Ensure Python is installed on your system. You can download it from [python.org](https://www.python.org/downloads/). It's recommended to use Python 3.x (e.g., Python 3.8 or Python 3.9).

#### Step 2: Create and Activate Virtual Environment

1. Navigate to your project directory in the terminal:
```
cd path/to/your/project
```

2. Create a new virtual environment (replace `myenv` with your preferred name):
```
virtualenv myenv
```

3. Activate the virtual environment:
- On Windows:
```
myenv\Scripts\activate
```
- On macOS and Linux:
```
source myenv/bin/activate
```

#### Step 3: Install requirement.txt

1. It will install all the packages that are required for this project:
```
pip install -r requirements.txt
```

#### Step 4: Apply Migration
1. Make initial migrations for the Django project:
```
python manage.py makemigrations
```

2. Apply migrations to set up your database:
```
python manage.py migrate
```

#### Step 5: Change model location
1. The machine learning model (scaler.pkl and dt.sav) location inside django views.py need to be change according to your file system.

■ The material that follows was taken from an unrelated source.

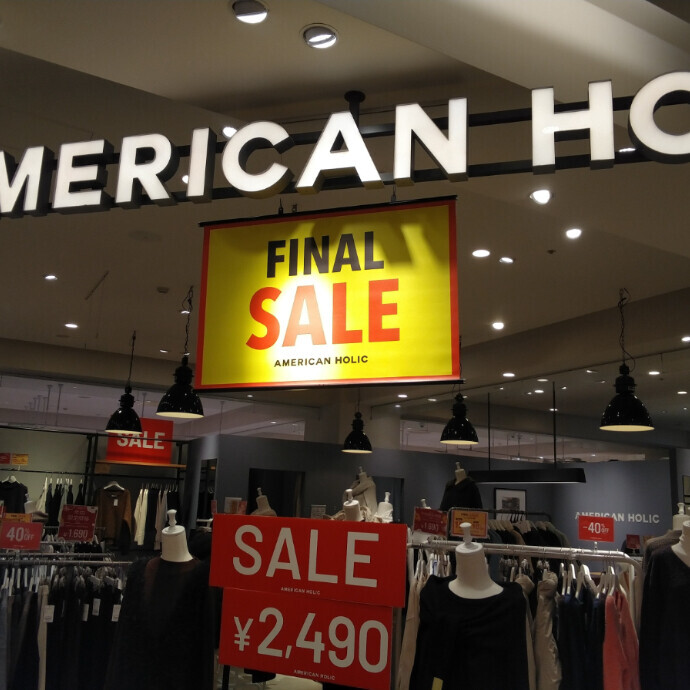 本日よりFINAL  SALEスタートです😍✨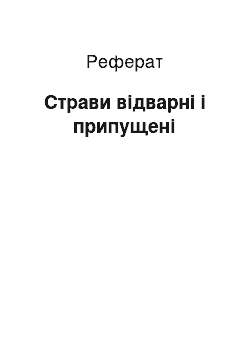 Реферат: Страви відварні і припущені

#### Step 6: Run Django Development Server

1. Start the Django development server:
```
python manage.py runserver
```

2. Open your web browser and go to `http://127.0.0.1:8000/` or `http://localhost:8000/` to see your Django project running locally.

### Additional Notes

- **Project Structure**: Ensure your project files are organized appropriately for a Django project. You may need to create apps (`python manage.py startapp appname`) within your project for specific functionalities like the stroke prediction analysis.

- **Database Configuration**: Django uses SQLite by default. Modify `settings.py` if you want to use a different database like PostgreSQL or MySQL.